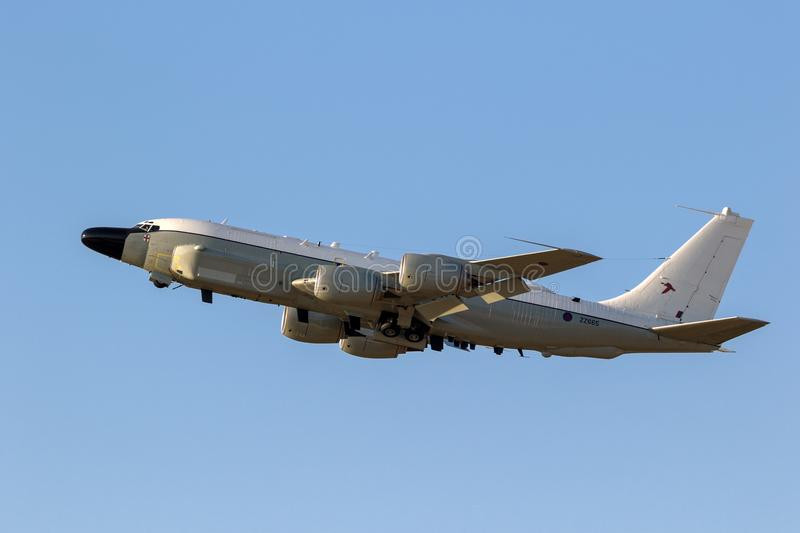 Trong thời gian qua, máy bay trinh sát của Anh cũng được phát hiện hoạt động trên lãnh thổ khu vực Donbass (thuộc khu vực do chính quyền Ukraine quản lý) và đây là những hành động có thể nhìn thấy được, sự hỗ trợ của Anh đối với các lực lượng vũ trang của Ukraine.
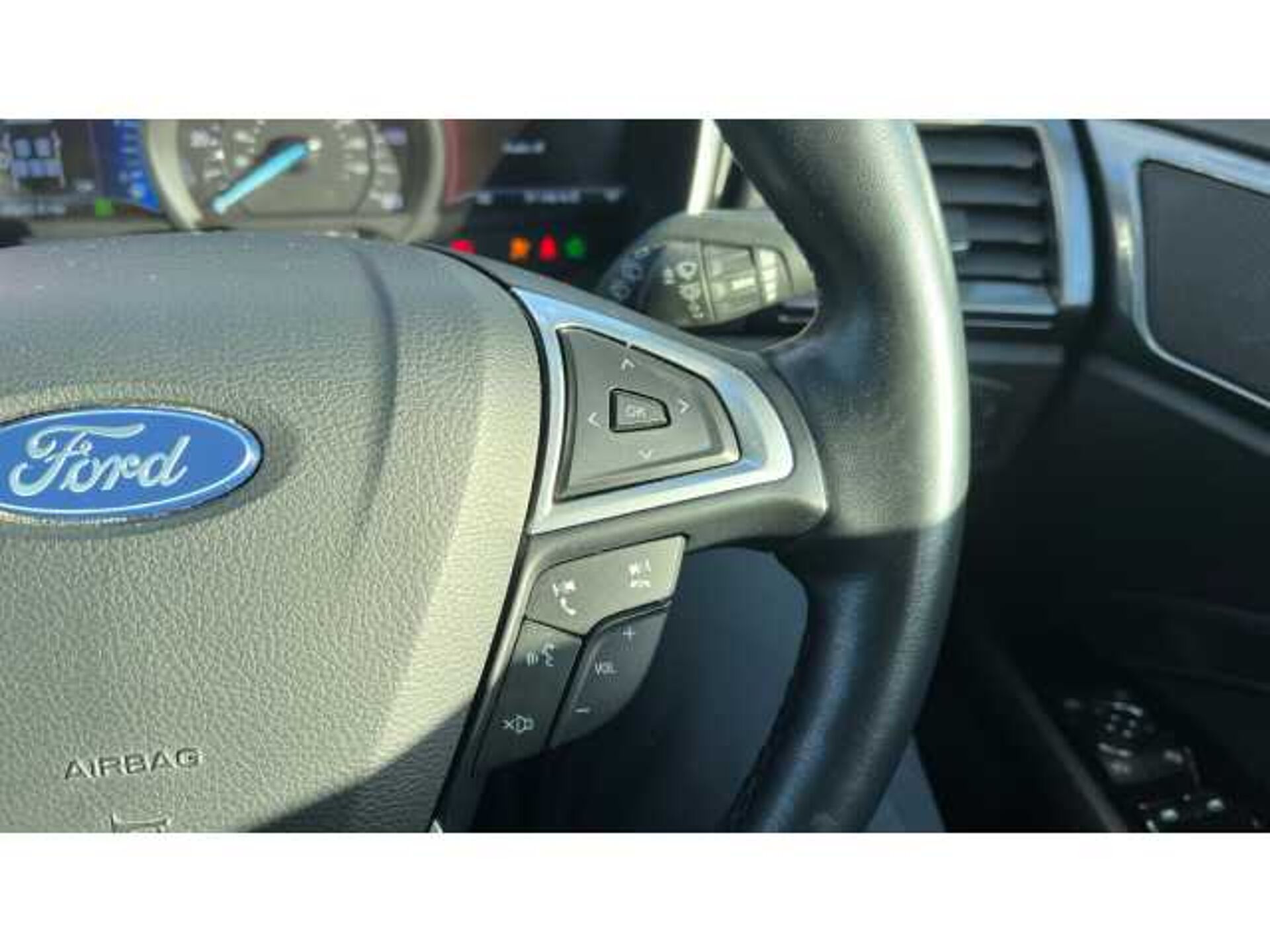 Ford Mondeo MONDEO 2.0 Hybrid Titanium Edition 5dr Auto 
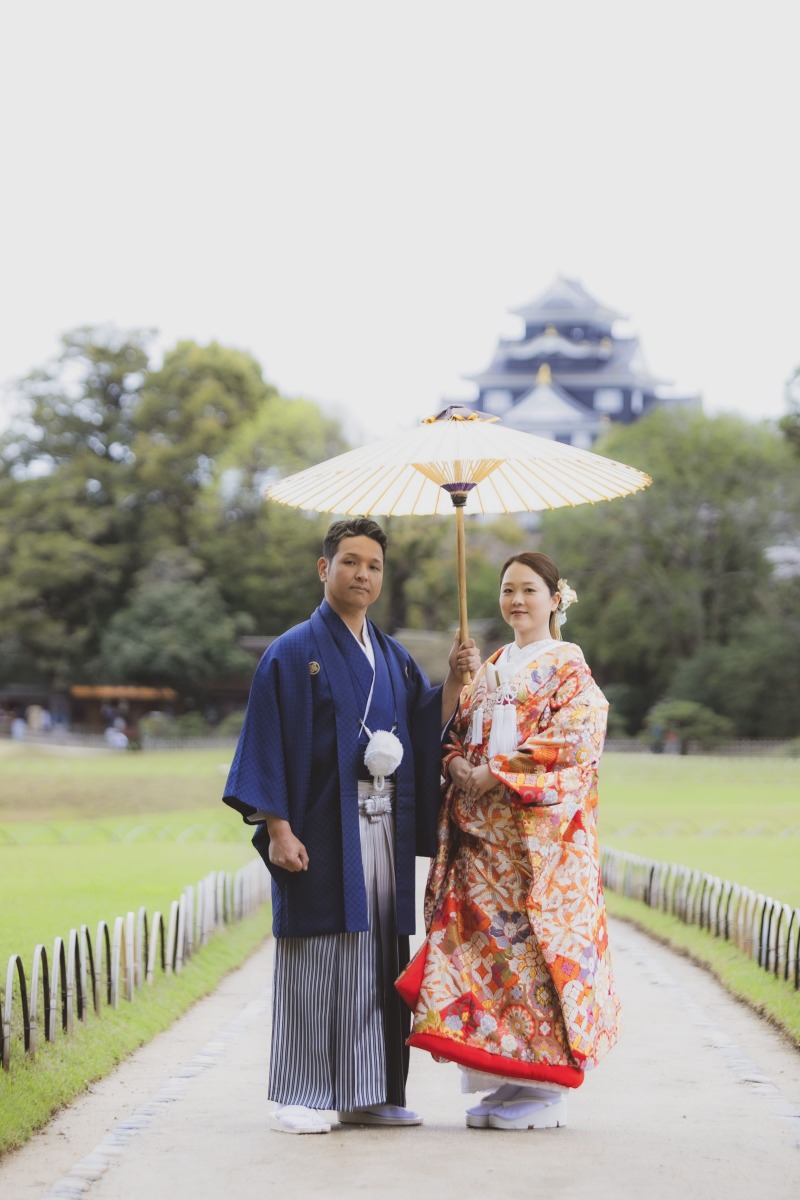 お城をバックに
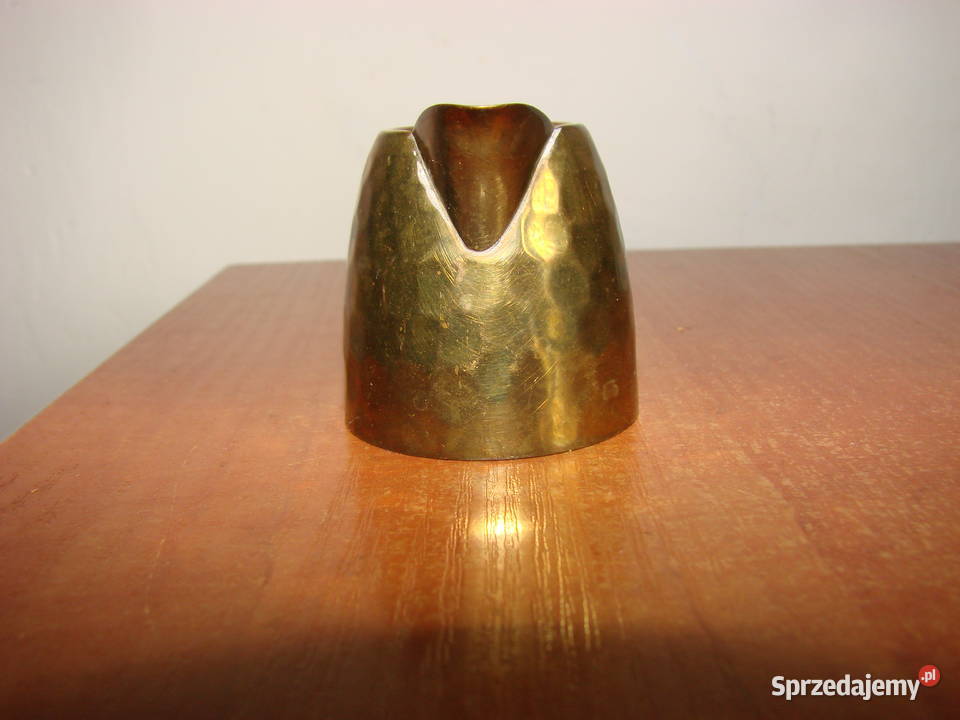 mały mosiężny dzbanuszek Pruszcz Gdański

[EXERCISE] Give every line above again exactly, omitting whatever pictures appear.

[TASK ANSWER]
 Trong thời gian qua, máy bay trinh sát của Anh cũng được phát hiện hoạt động trên lãnh thổ khu vực Donbass (thuộc khu vực do chính quyền Ukraine quản lý) và đây là những hành động có thể nhìn thấy được, sự hỗ trợ của Anh đối với các lực lượng vũ trang của Ukraine.
 Ford Mondeo MONDEO 2.0 Hybrid Titanium Edition 5dr Auto 
 お城をバックに
 mały mosiężny dzbanuszek Pruszcz Gdański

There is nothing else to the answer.